*** Supplied information ***
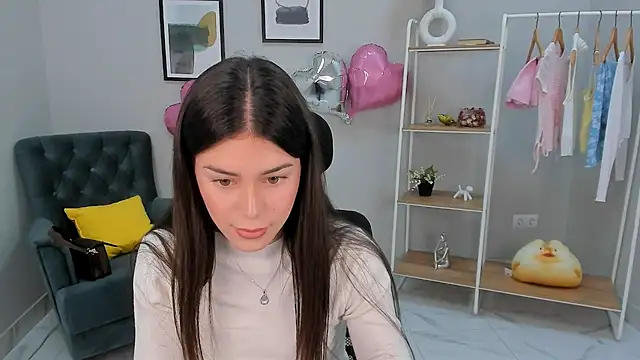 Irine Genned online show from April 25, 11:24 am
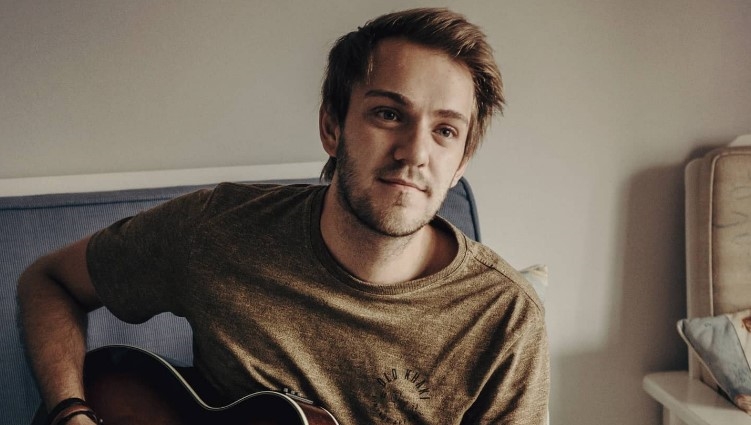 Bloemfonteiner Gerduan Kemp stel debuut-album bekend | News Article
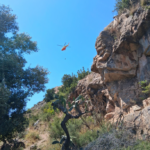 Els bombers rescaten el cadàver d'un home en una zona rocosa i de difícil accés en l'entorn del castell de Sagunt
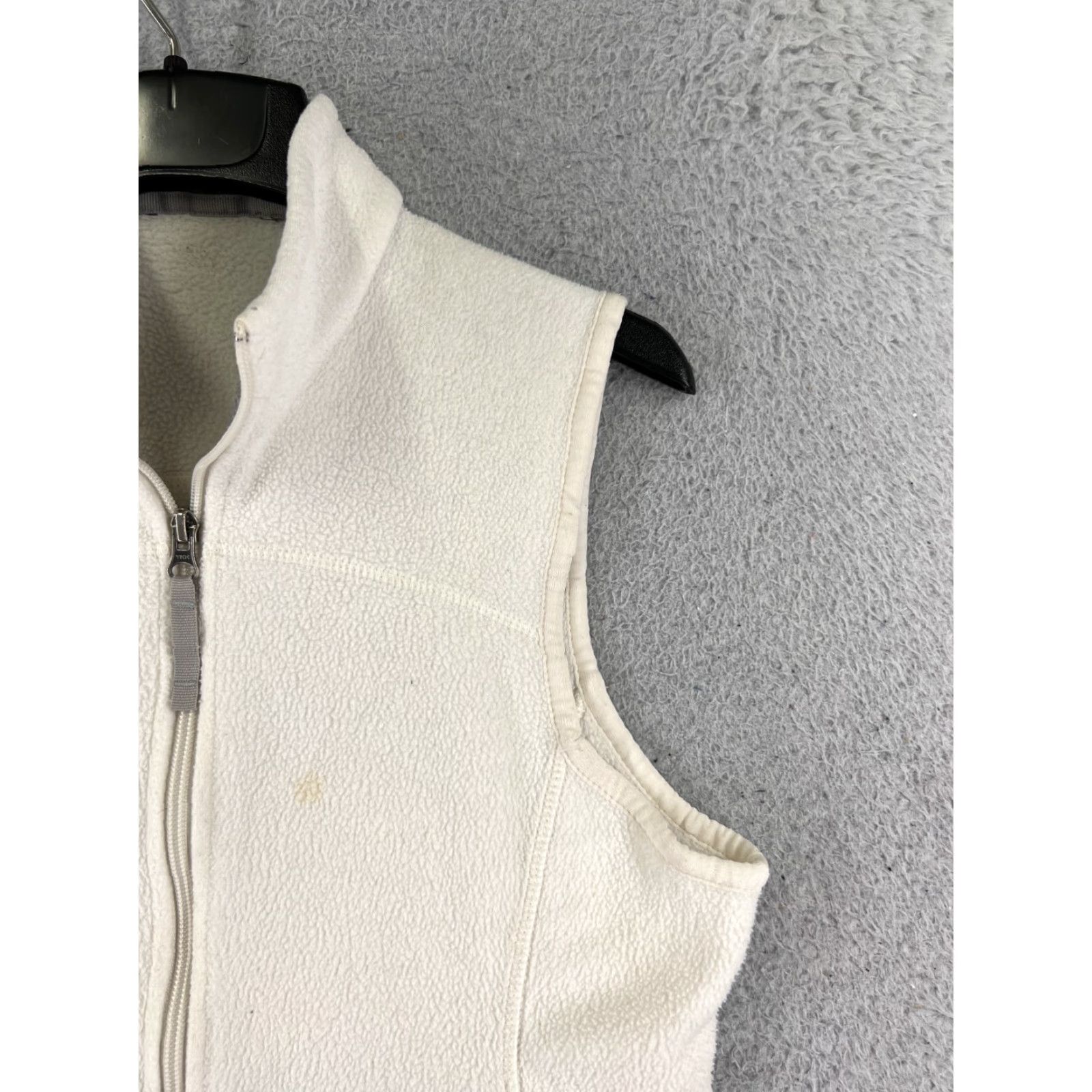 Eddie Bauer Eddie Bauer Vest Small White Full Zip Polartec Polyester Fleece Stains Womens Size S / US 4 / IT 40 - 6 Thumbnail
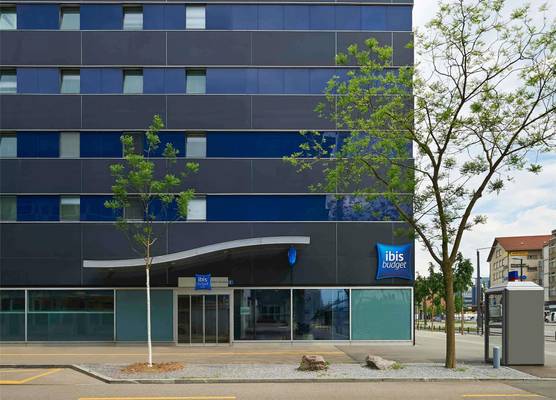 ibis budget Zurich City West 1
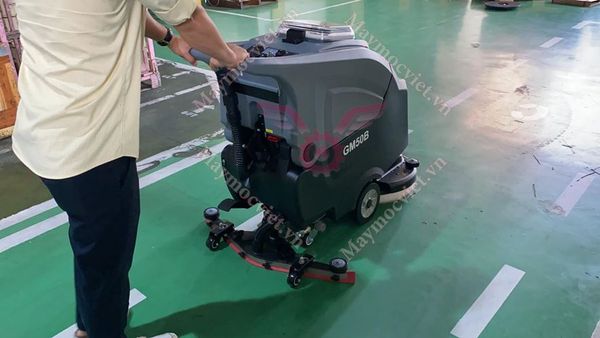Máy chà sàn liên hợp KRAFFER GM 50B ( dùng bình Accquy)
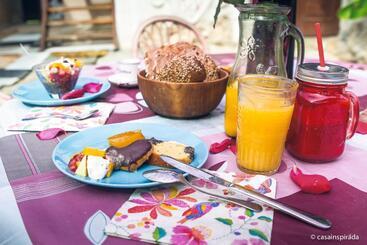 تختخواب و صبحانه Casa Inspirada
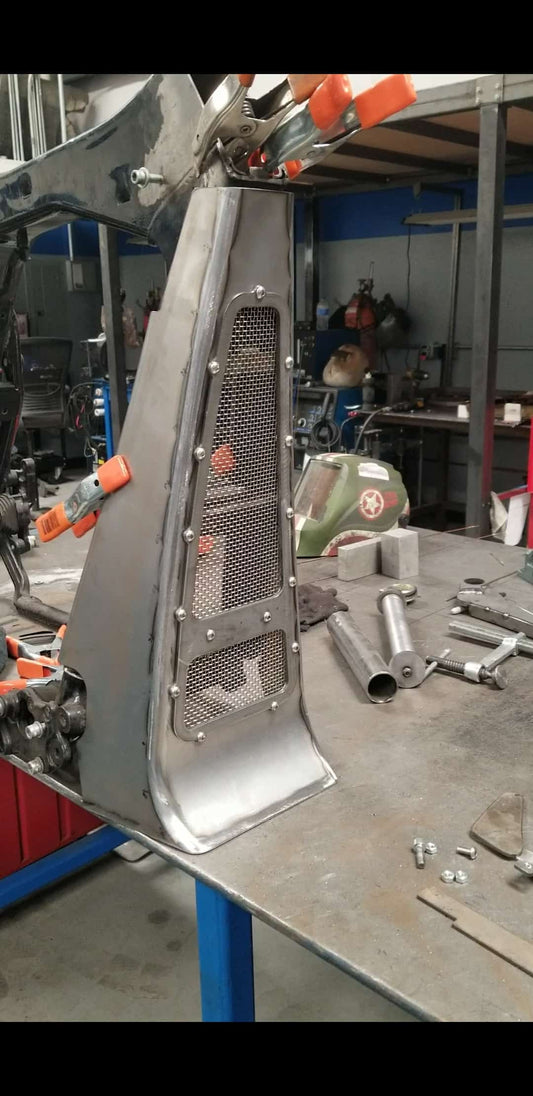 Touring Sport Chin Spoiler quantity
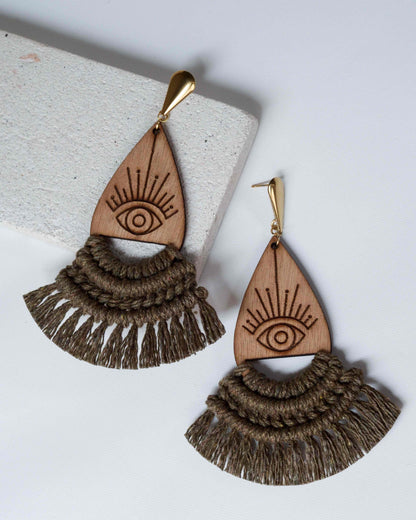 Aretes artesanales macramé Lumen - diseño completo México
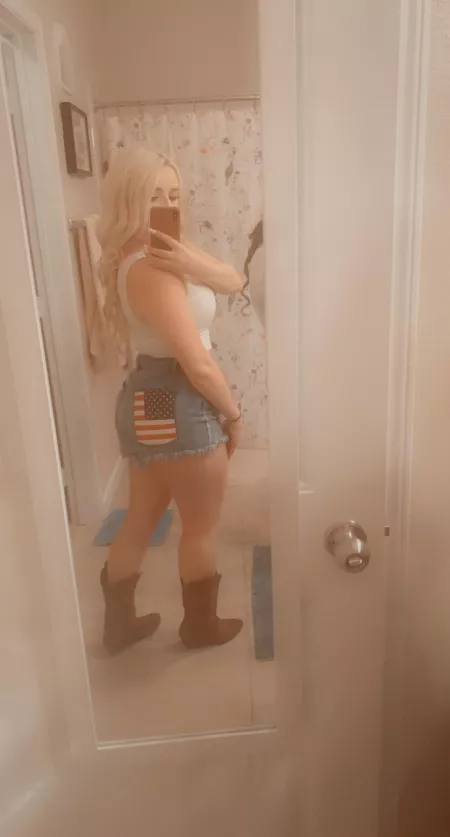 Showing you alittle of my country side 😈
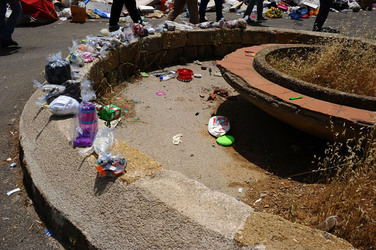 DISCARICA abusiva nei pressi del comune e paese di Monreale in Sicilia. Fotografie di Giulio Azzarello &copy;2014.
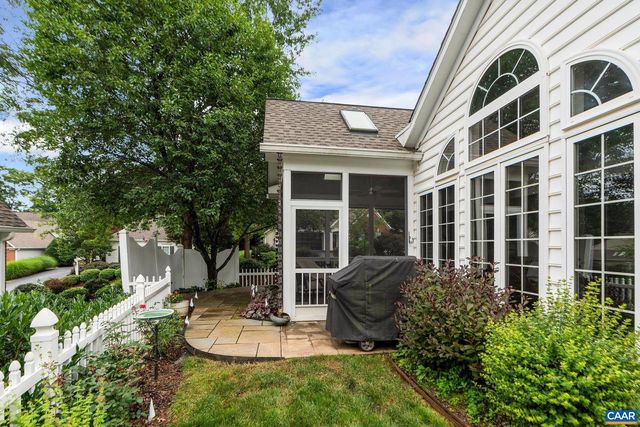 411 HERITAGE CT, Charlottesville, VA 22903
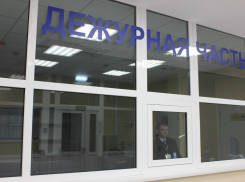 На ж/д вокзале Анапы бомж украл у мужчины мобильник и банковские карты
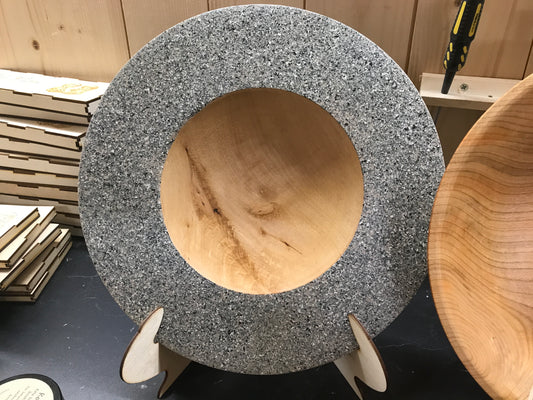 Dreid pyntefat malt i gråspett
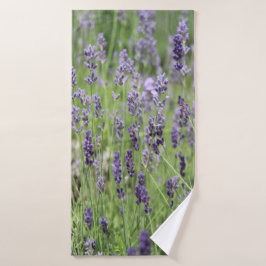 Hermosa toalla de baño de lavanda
*** End of Supplied information ***
# What is expected
Would you retype exactly the lines running from the line that contains "تختخواب و صبحانه Casa Inspirada" through the end of the listing above, both included? Skip every picture.

# Response box
 تختخواب و صبحانه Casa Inspirada
 Touring Sport Chin Spoiler quantity
 Aretes artesanales macramé Lumen - diseño completo México
 Showing you alittle of my country side 😈
 DISCARICA abusiva nei pressi del comune e paese di Monreale in Sicilia. Fotografie di Giulio Azzarello &copy;2014.
 411 HERITAGE CT, Charlottesville, VA 22903
 На ж/д вокзале Анапы бомж украл у мужчины мобильник и банковские карты
 Dreid pyntefat malt i gråspett
 Hermosa toalla de baño de lavanda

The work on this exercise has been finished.